J’ai dit à mon cœur, | à mon faible cœur :
N’est-ce point assez | de tant de tristesse ?
Et ne vois-tu pas | que changer sans cesse,
C’est à chaque pas | trouver la douleur ?

(Musset, Chanson)

Le décasyllabe était en ancien français le vers de l’épopée. Aux xive et xve siècles il est le vers commun, c’est-à-dire le plus usité dans presque tous les genres ; très employé encore au xvie siècle, il perd beaucoup de terrain au xviie, remplacé presque partout par l’alexandrin, et le xixe siècle ne s’en sert plus qu’exceptionnellement.

Le vers de huit syllabes. — Le vers de huit syllabes n’a pas de césure en ancien français, mais il a toujours au moins une syllabe fortement accentuée dans l’intérieur. En français moderne il a une coupe libre, quelquefois deux :

Ô dieux ! | ô bergers ! | ô rocailles !
Vieux Saty|res, Termes grognons ;
Vieux petits ifs | en rang d’oignons,
Ô bassins, | quincon|ces, charmilles !

(Musset, Sur trois marches de marbre rose)

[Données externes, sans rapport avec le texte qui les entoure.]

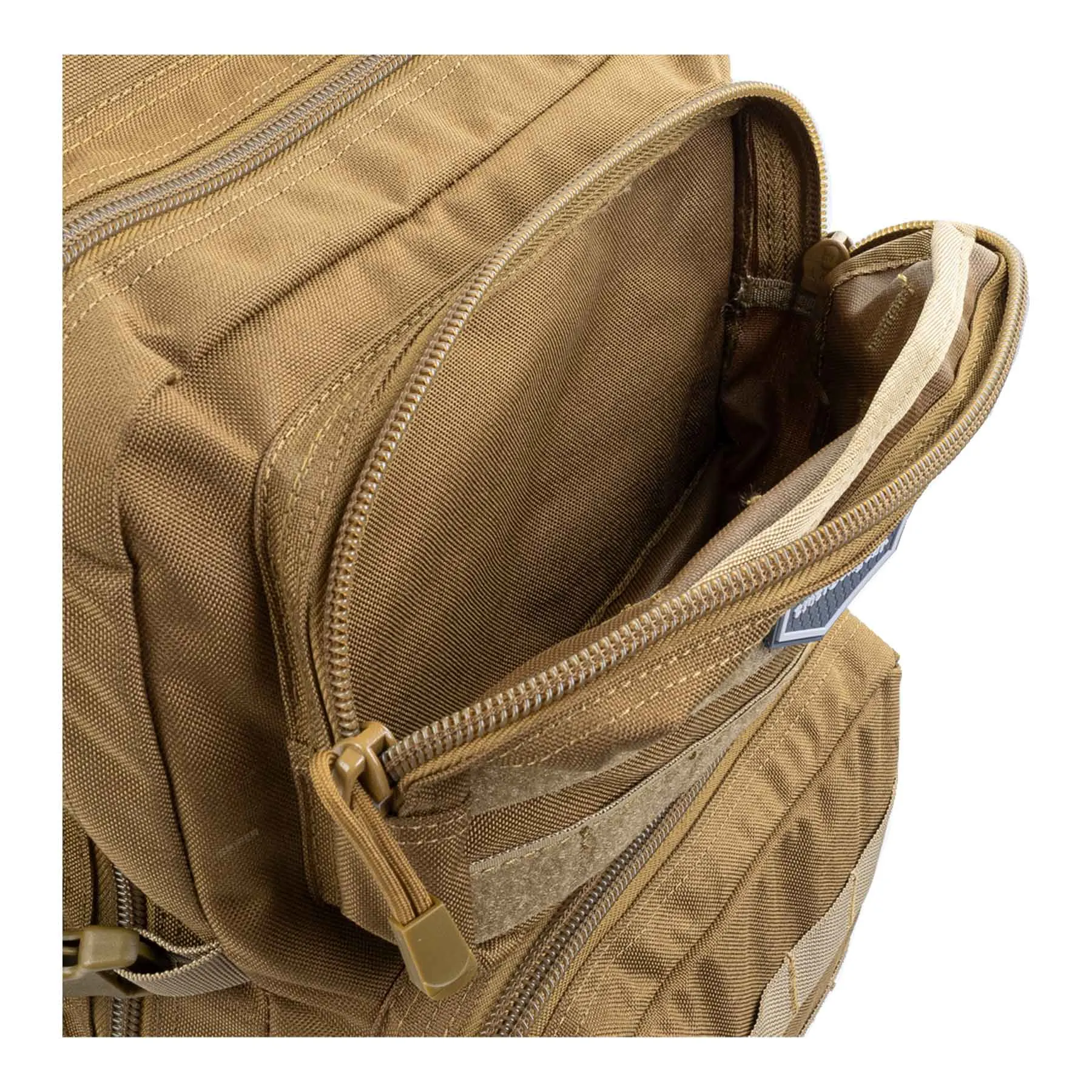 Multi-Purpose Rucksack 45L, Coyote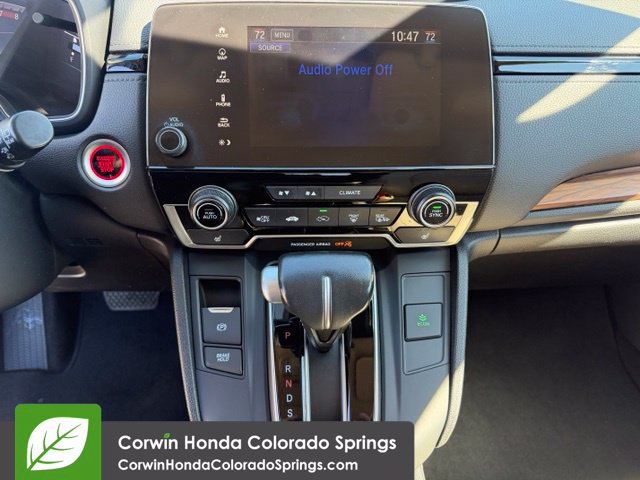 Used 2019 Honda CR-V Touring image 21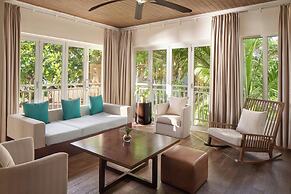 The St. Regis Le Morne Resort, Mauritius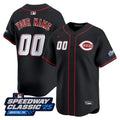 MLB Cincinnati ‘Speedway Classic’ Vapor Premier Limited Jersey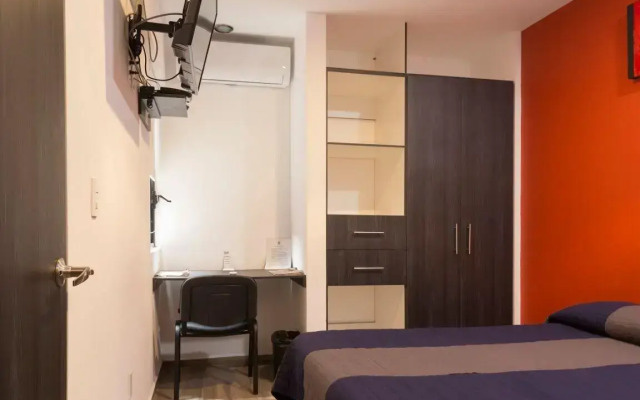 Casa el 9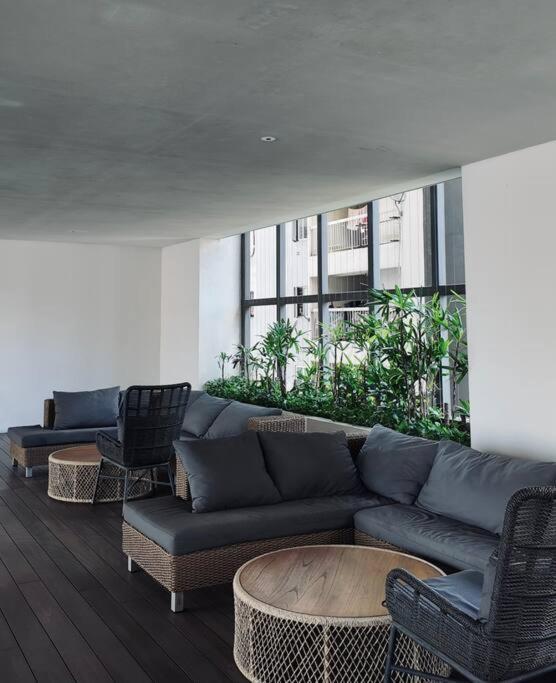 Pangsapuri Kl Central, The Establishment,bangsar, Comfy Loft Beside Lrt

Aussi usité en ancien français que le vers de dix syllabes, l’octosyllabe a moins perdu de nos jours que son concurrent. Vers de la poésie narrative, didactique, dramatique au moyen âge, il devient essentiellement le vers lyrique au xvie siècle, le vers de l’ode, et garde cette fonction aux xviie, xviiie et xixe siècles, sans cesser pour cela de servir toujours pour la poésie légère.